Because of the travelling distance, it is important that there are enough people with their own transport in each of the property locations, so that you can share lifts. An early excercise in team building perhaps? I believe that the group then share the petrol/running costs on whatever basis they agree. Failing that I suppose you share a taxi each day.

On the subject of what happens at the end of the training, I think this is a vitally important point.

Far too many people labour under the illusion that once you have a CPL/IR and 250 hours, you are somehow just what airlines are looking for. This (for the most part) really isn't the case and never has been. Historically, recognised approved training courses that led to cadet entry programmes in a few airline companies, enabled a few aspirants to utilize the recognised training programme, to transistion to an airline first officer programme.

Without the benefit of these programmes, aspirant airline pilots, would normally require an absolute minimum of 700 hours, (and usually many hundreds if not thousands of hours more,) through general aviation type work. Then they would find themselves in competition with military leavers, and career changers for whatever jobs became available.

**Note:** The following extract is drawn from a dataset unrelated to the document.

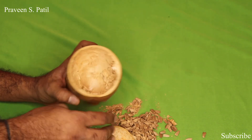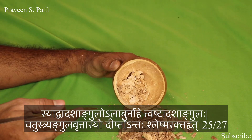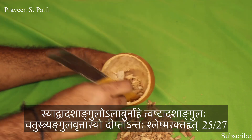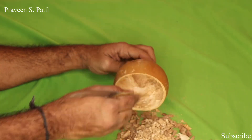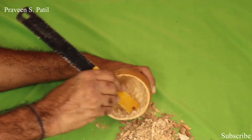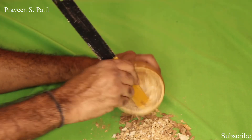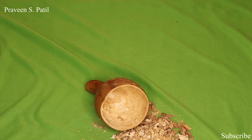According to Ashtanga Sangraha, Alabu is having twelve Anguli in the length and the base is having eighteen Anguli. The tip is having three to four Anguli. As you know, one Anguli is approximately one inch. So the measurement according to Ashtanga Sangraha is twelve Anguli length, eighteen Anguli base, and three to four Anguli tip.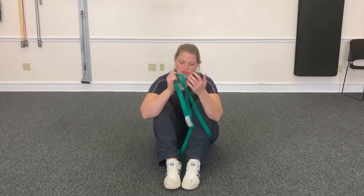Hey guys, it's Dr. Vanessa with Sealark Chiropractic, and today I'm going to show you how to stretch out your hips and your legs with a stretch strap.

Changes that came about with the introduction of JAR, removed some anomolies in the UK licencing regime, that brought the requirements for licence issue more into line with those that existed in much of the rest of the world. This reduced the hour requirement for a CPL down to the 200 hour level. It also meant the CPL was the benchmark requirement for most aerial work jobs, such as flight instruction (which previously could be undertaken with only a private licence in the UK.)

This caused many to believe that airlines who sought experienced applicants previously, would now beat a path to their door when they only had 200 hours. Apart from one or two vocal CEO's who saw this as a loophole that helped them get one step further to eliminating the F/O's role completely, it was just nonsense. Many airlines did introduce or expand their cadet programmes to take low houred entrants, but rightly, and as they had always done these cadets came from full time, integrated and recognised training establishments that the companies themselves maintained a relationship with.

So back to my point what happens at the end of the training?

Well hopefully you have your CPL/IR with your ATPL ground examinations completed. You have an MCC/AQC type (Airline CRM) course completed. and then what?

Does the FTO open the window and throw its new fledgings into the sky to the chant of "fly my little ones" as most of them fall to the ground? Does the FTO have a number of airline customers who recognise and integrate with it's training programme, so that some/many/most of the fledglings are taken under the wing of the airline for further training?

Where I think this training provider does stand out is at this end of the market. Yes it is a commercial business that must make a profit in order to stay in business, and as such will spin it's marketing to ensure that remains the case. Yes it will project a rosy future when conventional wisdom may from time to time be less optimistic. However as long as it continues to maintain a relationship with it's end user airline customers, then that is where the advantage lies.

As and when any upturn comes in the economy generally, and specifically as it might affect pilot recruitment, then you will see more experienced pilots achieving renewed employment or better placements. You will see more military leavers being recruited and you will see more GA pilots moving up through the system. However you will also see an acceleration in these types of integrated programmes as more cadets are brought through the system.

The difficulty is always going to be with 200 hour CPL/IR holders who don't have this type of recognised programme to assist them. There is a lot of competition out there. There always has been, and in evolving ways there always will be. It has always been about finding that advantage that will make you stand out, or seem attractive at the right time. Anybody with the very aspirational and very difficult aim of finding an airline placement with only a couple of hundred hours under their belt, needs to ask themselves seriously, where might those advantages be found?